Üretimin durması matbaa sektöründe işsizlik sorununa da yol açmaktadır. İran’da yaklaşık 14.000 yayınevi bulunmaktadır ki bu azımsanmayacak bir sayıdır. Kuşkusuz İran’da oldukça canlı olan bu sektör ciddi bir iş gücünü de bünyesinde barındırmaktadır. Ülkedeki basımevlerinin %93’ünün Tahran’da toplanmış olduğu da göz önünde bulundurulduğunda matbaaların kapanması ülkede zaten yüksek seyreden işsizlik oranını daha da arttıracaktır. Bu ise İran’ı önümüzdeki günlerde yeni sosyal ve toplumsal krizlerin beklediği anlamına gelmektedir.

Kâğıt fiyatı ve basım maliyetindeki artış yalnızca kitap sektörünü etkilememiştir. Basın sektörü de artan kâğıt fiyatlarından hissesine düşen payı almıştır. Şark ve İtimad gazeteleri fiyatlarını iki kat artırmak zorunda kalmıştır. İran ve Hemşehri gibi tanınmış gazeteler tiraj ve sayfa sayısını azaltmak, perşembe günleri sayı çıkarmamak veya basım faaliyetlerini belirli bir süre durdurmak gibi tedbirlere başvurmak zorunda kalmaktadır.
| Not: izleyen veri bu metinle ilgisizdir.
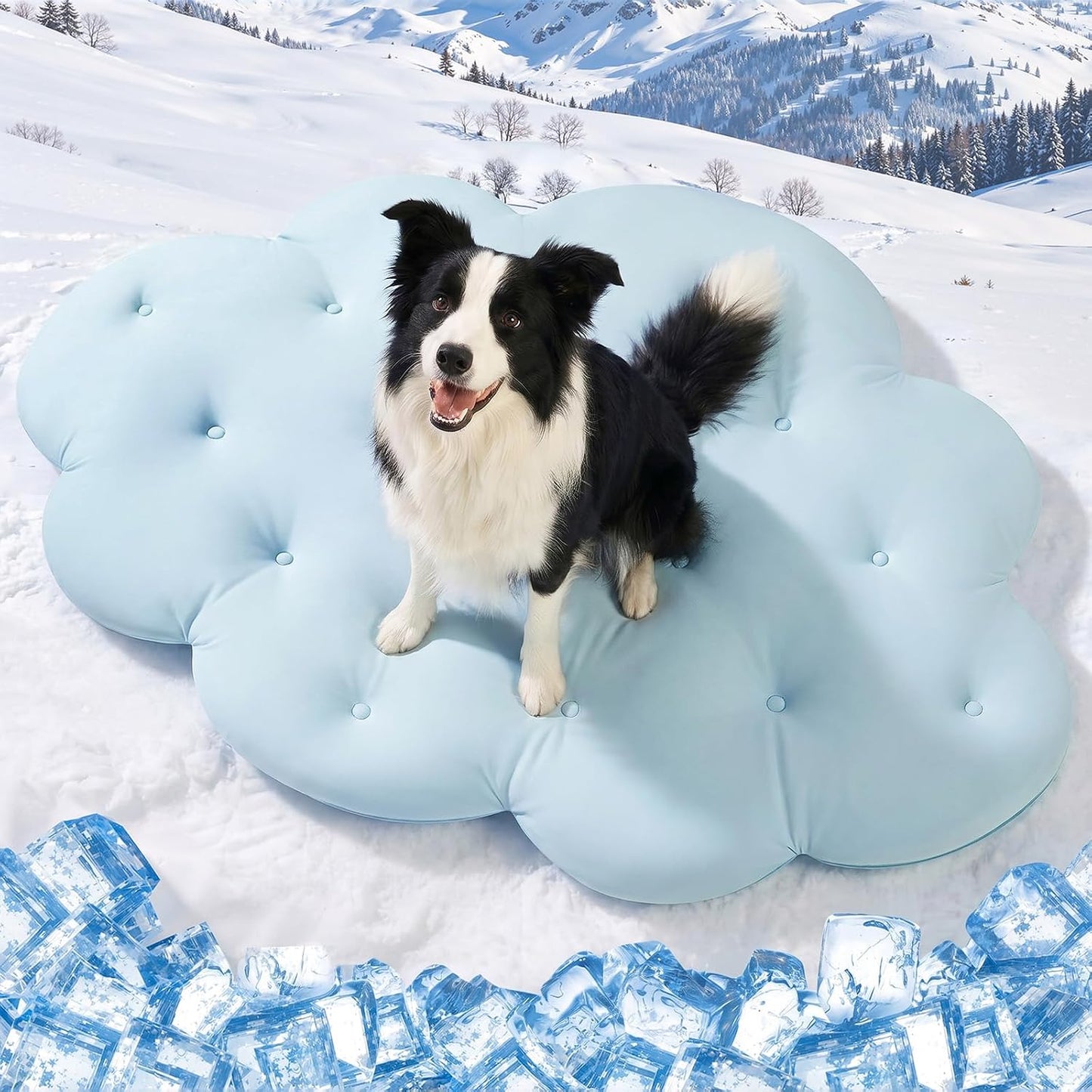 Dog Cooling Mat, 48'' x 28'' Large, Q-Max>0.4 Self-Cooling Mat for Dog Reversible (Cool & Warm), Double-Sided Pet Cool Pads for Summer, Crate, Kennel, Machine Washable, Non-Gel, Blue+Grey - Image 11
Bu son uygulamalar İran’da 200 yıla yakın bir geçmişi olan gazeteciliğin ölüm döşeğinden kurtarılması için alınan tedbirler olarak nitelendirilmiştir.

Bütün bu gelişmeler birlikte düşünüldüğünde ülkedeki kültürel hayatın durgunluk evresine girdiği söylenebilir. 2018 yılında yürürlüğe giren son ambargoların daha önceki Amerikan ambargolarına nazaran İran yayıncılık sektörünü daha fazla etkilediği ortadadır. Hükûmetin bu konuda henüz kapsamlı tedbirler alması gündemde olmadığı için de yayıncılık sektöründeki krizin kısa ve ora vadede bitmesi mümkün görülmemektedir.

Hane-yi Kitap Kurumunun yayınladığı verilere göre Ferverdin 1397/Nisan-Mayıs 2018 ile Ferverdin 1398/Nisan-Mayıs 2019 aralığında basılan eser sayısında %22’lik bir azalma olmuştur. Rakamlara göre geçen yılın ilk ayı 3.350 kitap yayımlanırken bu yılın ilk ayı bu rakam 2.624’e gerilemiştir. Ağustos-Eylül 2018/Şehriver 1397 ile Ağustos-Eylül 2017/Şehriver 1396 aylarında basılan kitap sayısı karşılaştırıldığında ise %16’lık bir düşüş yaşanmıştır.